La via per scoprire un diamante non è mai facile, lineare, scontata. Che partisse dalla Puglia per passare dal Sudafrica e poi di ritorno in Europa, per emergere definitivamente in Cina, pochi lo potevano immaginare. Forse, solo chi conosce da tempo Francesco Laporta, detto “Lapo” dagli amici. Sua la strepitosa vittoria nell’Hainan Open, che, proiettandolo al vertice del Challenge Tour, gli ha garantito una Carta piena per l’European Tour 2020. Solo la settimana prima, era stato il miglior italiano all’Open d’Italia dell’Olgiata, prima volta nei Top Ten in una Rolex Series. In due settimane, è risalito di 163 posizioni nel World Ranking, attestandosi poi intorno al 150° posto alla vigilia della finale di Mallorca.

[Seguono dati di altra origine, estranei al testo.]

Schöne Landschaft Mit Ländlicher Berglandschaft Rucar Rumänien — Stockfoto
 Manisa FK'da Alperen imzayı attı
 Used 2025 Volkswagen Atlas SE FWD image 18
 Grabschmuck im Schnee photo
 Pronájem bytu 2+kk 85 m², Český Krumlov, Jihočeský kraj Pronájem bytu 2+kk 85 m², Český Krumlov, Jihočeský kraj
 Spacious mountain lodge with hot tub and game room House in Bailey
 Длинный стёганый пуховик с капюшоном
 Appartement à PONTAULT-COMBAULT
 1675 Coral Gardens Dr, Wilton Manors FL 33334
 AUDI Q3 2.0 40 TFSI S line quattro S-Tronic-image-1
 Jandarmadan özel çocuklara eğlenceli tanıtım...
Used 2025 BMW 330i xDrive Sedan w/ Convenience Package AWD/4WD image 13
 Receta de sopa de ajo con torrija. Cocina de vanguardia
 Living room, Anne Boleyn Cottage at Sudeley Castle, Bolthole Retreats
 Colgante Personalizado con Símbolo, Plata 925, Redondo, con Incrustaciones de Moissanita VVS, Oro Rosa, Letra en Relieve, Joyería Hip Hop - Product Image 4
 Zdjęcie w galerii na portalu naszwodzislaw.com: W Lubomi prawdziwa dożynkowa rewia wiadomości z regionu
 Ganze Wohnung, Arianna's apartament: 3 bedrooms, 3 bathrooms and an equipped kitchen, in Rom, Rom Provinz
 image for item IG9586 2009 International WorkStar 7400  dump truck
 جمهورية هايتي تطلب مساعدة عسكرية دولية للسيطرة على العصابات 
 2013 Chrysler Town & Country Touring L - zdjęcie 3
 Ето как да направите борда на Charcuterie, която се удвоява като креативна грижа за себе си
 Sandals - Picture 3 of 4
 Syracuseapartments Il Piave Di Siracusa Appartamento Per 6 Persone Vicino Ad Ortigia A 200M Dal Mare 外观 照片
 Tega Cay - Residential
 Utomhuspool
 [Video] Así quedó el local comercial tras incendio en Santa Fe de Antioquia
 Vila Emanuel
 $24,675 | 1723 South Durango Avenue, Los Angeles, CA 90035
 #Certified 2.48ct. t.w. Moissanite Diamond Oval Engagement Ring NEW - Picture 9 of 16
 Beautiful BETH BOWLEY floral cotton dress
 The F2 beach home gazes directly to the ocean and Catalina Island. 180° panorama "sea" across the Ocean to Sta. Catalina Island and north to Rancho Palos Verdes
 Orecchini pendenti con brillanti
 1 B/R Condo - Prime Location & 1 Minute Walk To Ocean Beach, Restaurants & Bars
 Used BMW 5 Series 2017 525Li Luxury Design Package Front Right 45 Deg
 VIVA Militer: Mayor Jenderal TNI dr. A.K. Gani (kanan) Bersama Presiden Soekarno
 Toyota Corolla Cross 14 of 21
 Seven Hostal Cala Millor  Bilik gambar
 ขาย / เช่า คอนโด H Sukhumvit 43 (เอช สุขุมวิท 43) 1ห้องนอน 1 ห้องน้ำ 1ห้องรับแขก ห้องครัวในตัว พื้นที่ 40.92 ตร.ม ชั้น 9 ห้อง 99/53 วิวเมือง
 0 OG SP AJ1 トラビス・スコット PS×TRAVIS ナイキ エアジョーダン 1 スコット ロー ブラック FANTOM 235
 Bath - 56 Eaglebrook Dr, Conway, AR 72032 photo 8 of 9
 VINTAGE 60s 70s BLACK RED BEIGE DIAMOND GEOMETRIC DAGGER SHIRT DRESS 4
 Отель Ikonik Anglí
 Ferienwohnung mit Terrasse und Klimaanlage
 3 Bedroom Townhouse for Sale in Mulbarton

Non ha paura di volare, Lapo. La sua storia non è convenzionale. Si avvicinò al golf a tredici anni, quando era già un discreto tennista, durante una vacanza in Sudafrica, dove ha alcuni parenti e dove, si sa, si trovano i diamanti. Quasi folgorato, al ritorno a casa scopre che, per fortuna sua e nostra (dell’Italia golfistica, intendo), hanno appena aperto il San Domenico Golf, dove opera il maestro Pietro Cosenza, a cui si affida da subito. Lavora per affinare la tecnica e abbandona presto il grip a mani invertite dei primi tempi che rendeva il suo swing piuttosto “particolare”. Tanta dedizione, ma certo, senza i genitori che lo sostengono, supportano e trasportano fisicamente, difficilmente otterrebbe qualcosa. Invece, la famiglia tutta s’impegna e anche i parenti sudafricani favoriscono le numerose trasferte all’Accademia di Gavin Levenson, un ex giocatore di circuito europeo e americano, che gli trasmette molto della sua esperienza e lo invoglia a coltivare il suo talento.
Nel Sud Italia non è mai nato un grande giocatore di golf, fatta eccezione per un certo Antonio Penna, detto “Toney”, che però da Napoli se ne andò bambino e negli USA crebbe e vinse tre titoli sul circuito, senza che in Italia fosse mai riconosciuto come compatriota, nemmeno quando la sua bravura di artigiano diffuse anche in Italia il suo nome e marchio fra gli amanti dell’attrezzatura di eccellenza. Per Lapo è diverso: il Sudafrica è una tappa importante nella formazione, ma la vera base restano il San Domenico e gli allenamenti con Pietro. Già da dilettante veste con grande orgoglio la maglia azzurra e si fa notare per una vittoria agli Internazionali d’Olanda e nel Città di Roma. Non un granché, obiettivamente, rispetto ai successi nazionali e internazionali di altri azzurri della sua generazione; ma anche Francesco Molinari (un altro interista) non ha vinto molto da dilettante.
La sua determinazione quasi ostinata, la passione smisurata e l’invidiabile serenità del suo carattere lo portano al professionismo sul Sunshine Tour; poi, dopo le prime due stagioni, entra anche nella Squadra nazionale professionisti. Come ai tempi del dilettantismo, la maglia azzurra non è stata solo un premio, ma soprattutto un incentivo importante: e così conquista la Carta per l’European Tour 2016. Annata non positiva, ma certo formativa e Lapo non demorde. Le tre successive stagioni sul Challenge Tour ne fanno un giocatore completo, solido, fisicamente roccioso grazie ai continui allenamenti in palestra e a casa e grazie al connubio fra Pietro Cosenza, il maestro di sempre, e Massimo Scarpa, il coach di poche parole ma di eccezionale incisività. Una crescita continua; e le soddisfazioni cominciano ad arrivare: per un atleta che ha sempre onorato le convocazioni in maglia azzurra, la medaglia d’argento ai Giochi Europei del 2018 è stata una consacrazione e un trampolino per le capacità del ragazzo, anzi dell’uomo: ha 29 anni. Ora lo aspettiamo sul Tour maggiore e potrebbero esserci altri diamanti sulla sua strada.